>>>>>

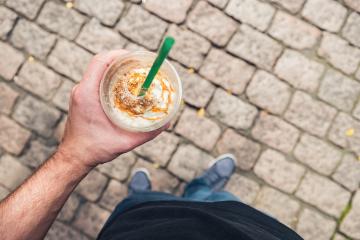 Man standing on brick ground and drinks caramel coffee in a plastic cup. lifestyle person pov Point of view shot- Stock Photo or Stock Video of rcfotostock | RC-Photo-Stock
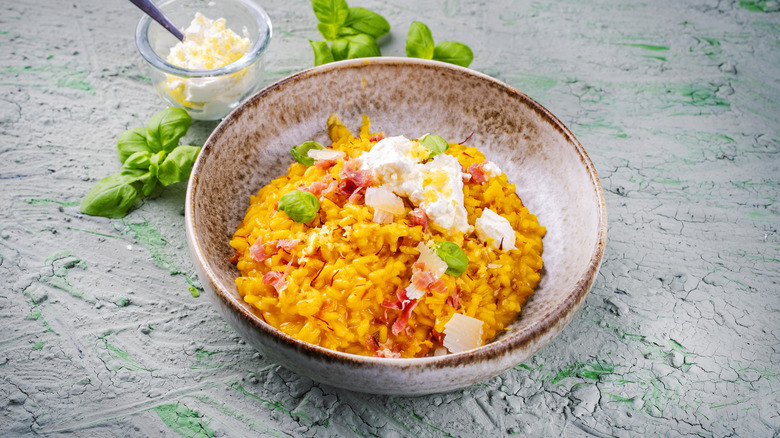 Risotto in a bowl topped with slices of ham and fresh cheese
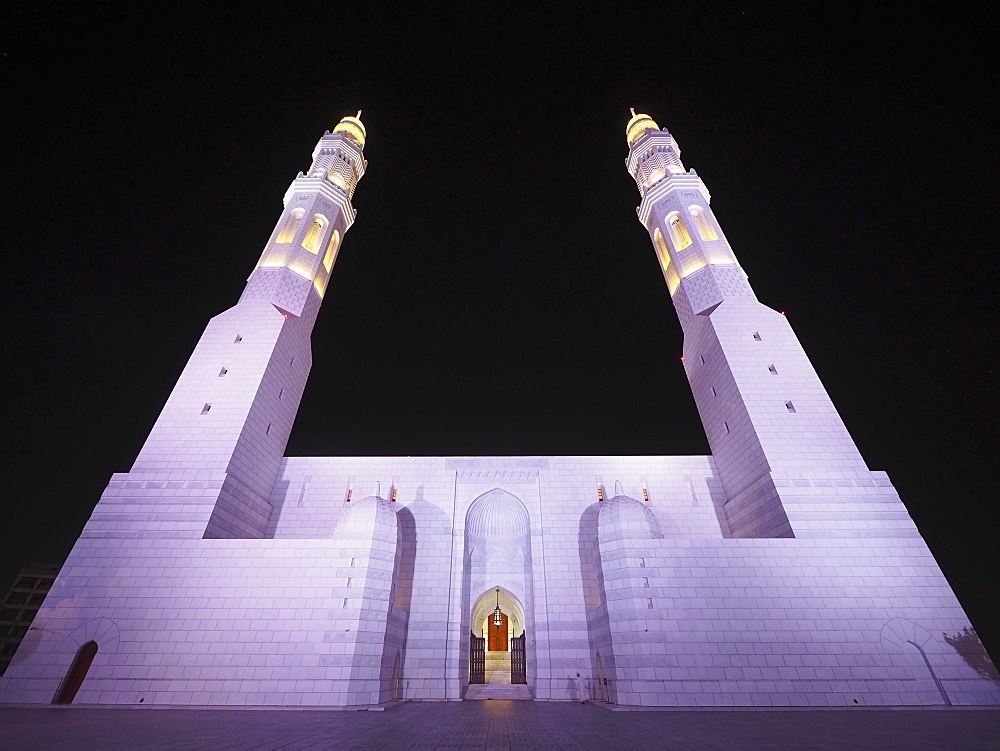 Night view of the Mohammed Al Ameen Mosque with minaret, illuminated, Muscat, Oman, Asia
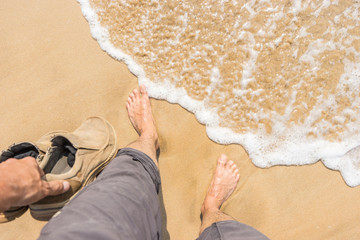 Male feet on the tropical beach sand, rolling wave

<<<<<
>>>>>

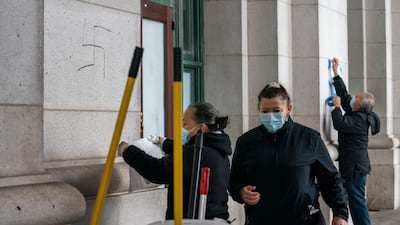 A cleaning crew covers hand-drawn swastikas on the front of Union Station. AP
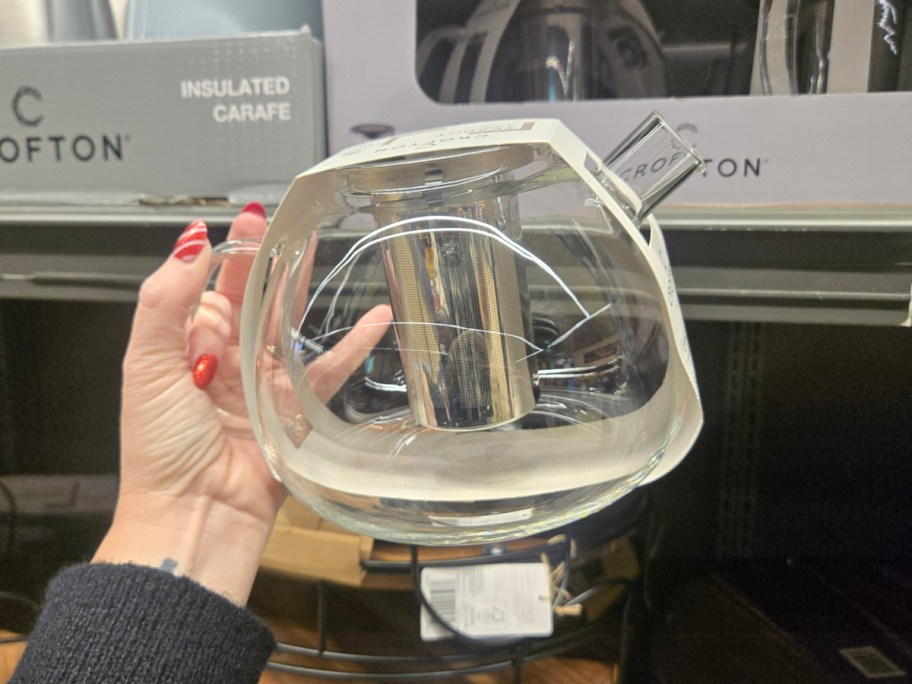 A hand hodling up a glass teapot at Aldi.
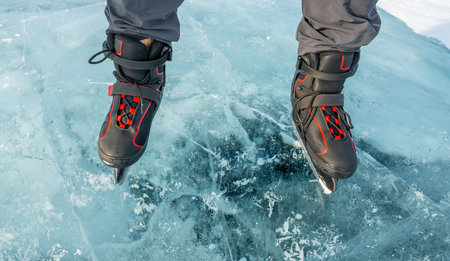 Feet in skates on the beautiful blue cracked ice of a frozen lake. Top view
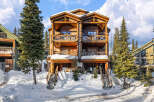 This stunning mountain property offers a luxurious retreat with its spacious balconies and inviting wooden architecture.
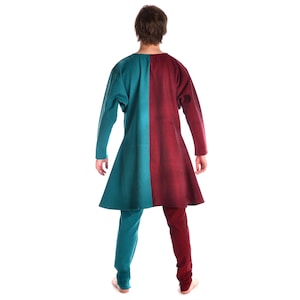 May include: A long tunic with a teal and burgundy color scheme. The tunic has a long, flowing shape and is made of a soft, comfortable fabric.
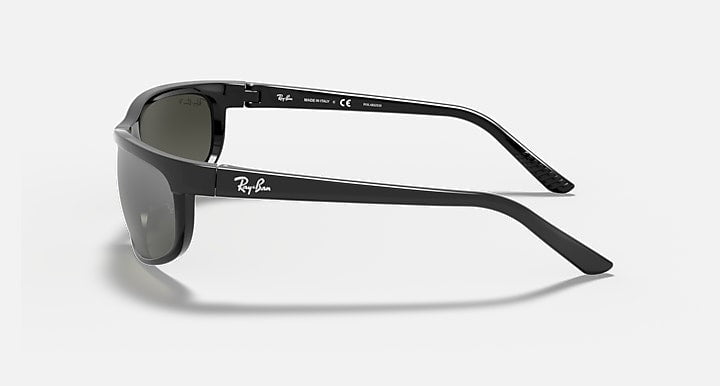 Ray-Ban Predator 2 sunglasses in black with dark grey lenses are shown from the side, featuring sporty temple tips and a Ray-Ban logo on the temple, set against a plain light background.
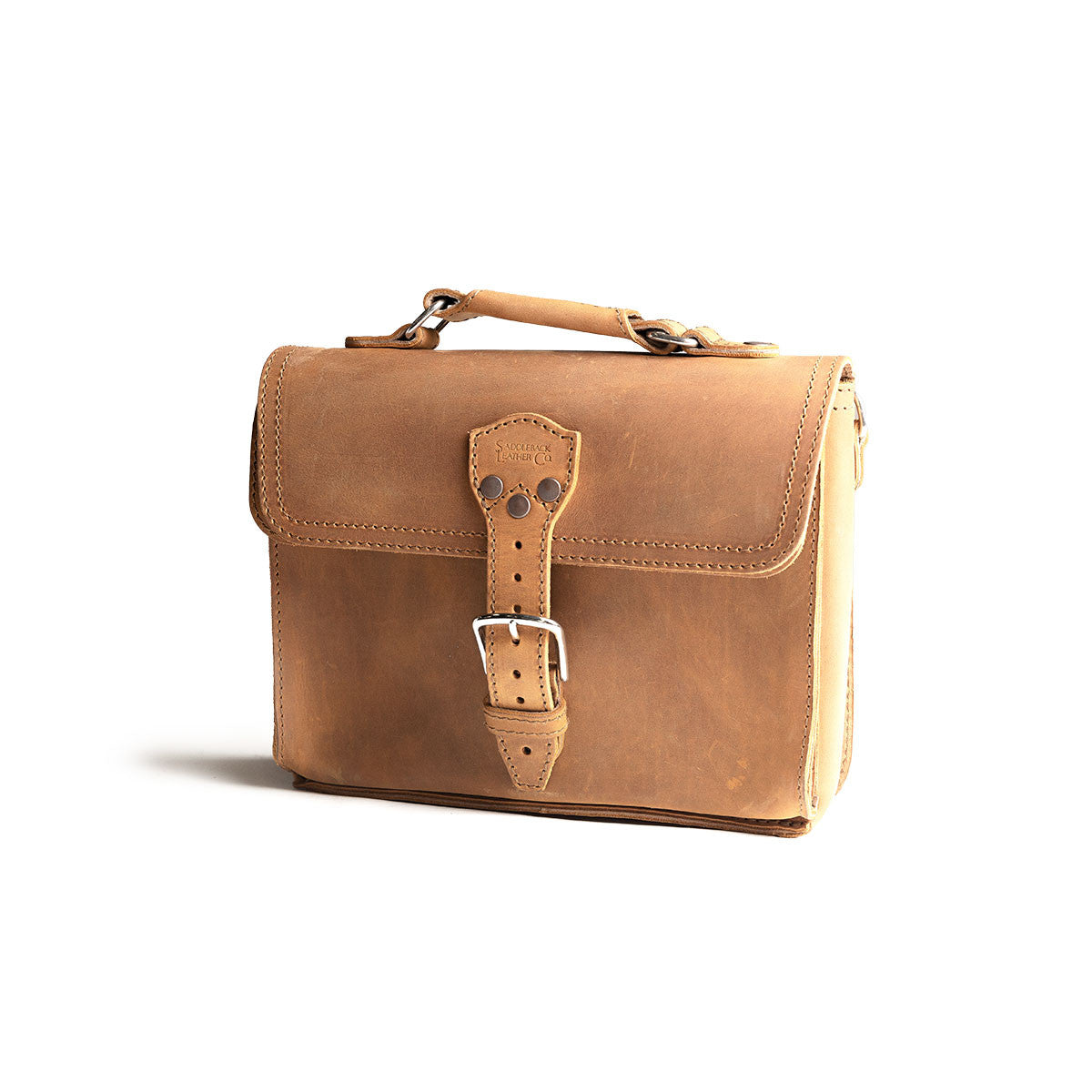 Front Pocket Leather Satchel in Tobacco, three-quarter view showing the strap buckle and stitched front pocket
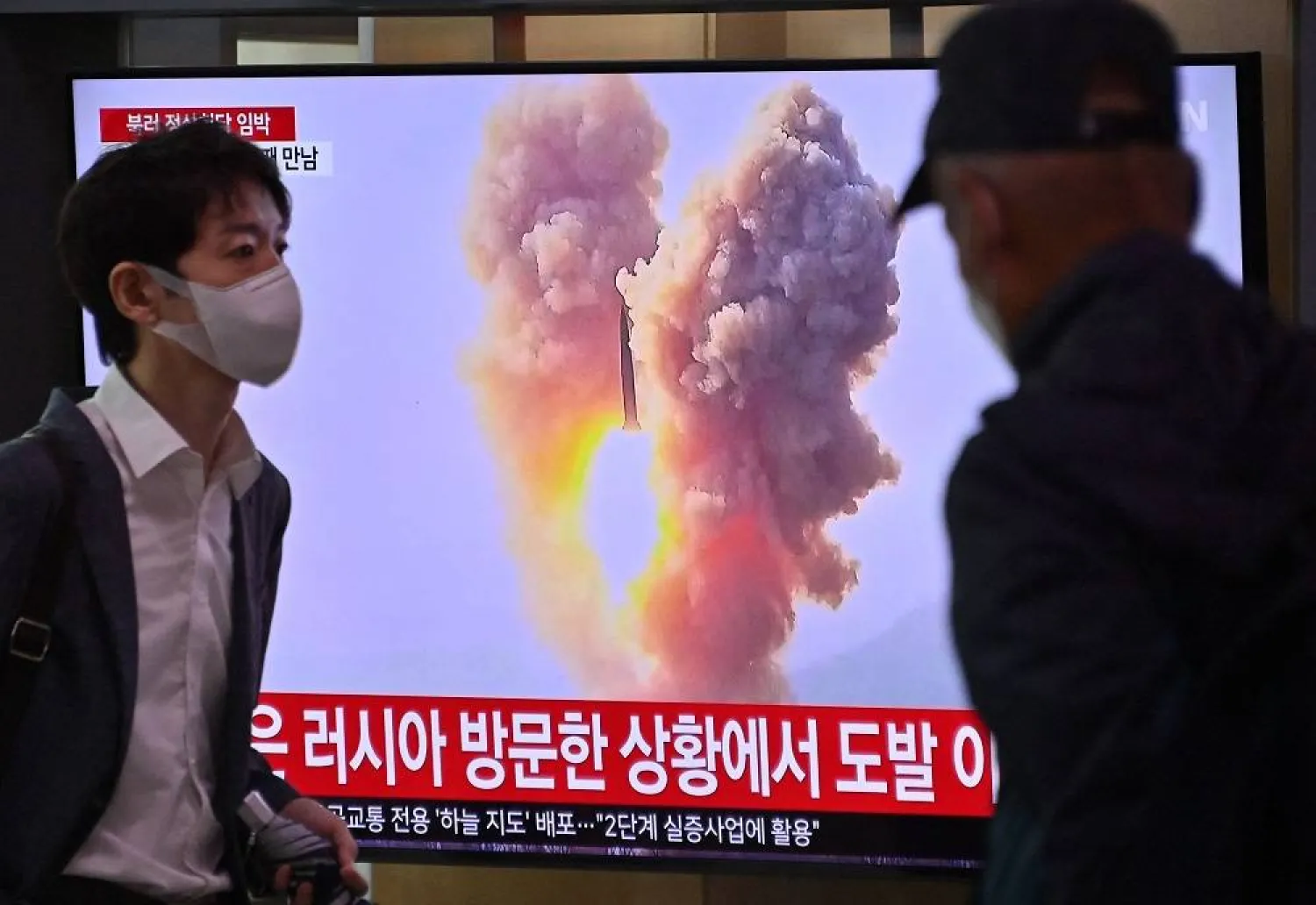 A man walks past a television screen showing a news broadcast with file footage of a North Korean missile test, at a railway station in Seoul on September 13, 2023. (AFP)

<<<<<

- _To do_
Your copy should hold only the lines above from the one containing "May include: A" through the one containing "Front Pocket Leather", exactly as written and free of pictures.

- _Task answer_
 May include: A long tunic with a teal and burgundy color scheme. The tunic has a long, flowing shape and is made of a soft, comfortable fabric.
 Ray-Ban Predator 2 sunglasses in black with dark grey lenses are shown from the side, featuring sporty temple tips and a Ray-Ban logo on the temple, set against a plain light background.
 Front Pocket Leather Satchel in Tobacco, three-quarter view showing the strap buckle and stitched front pocket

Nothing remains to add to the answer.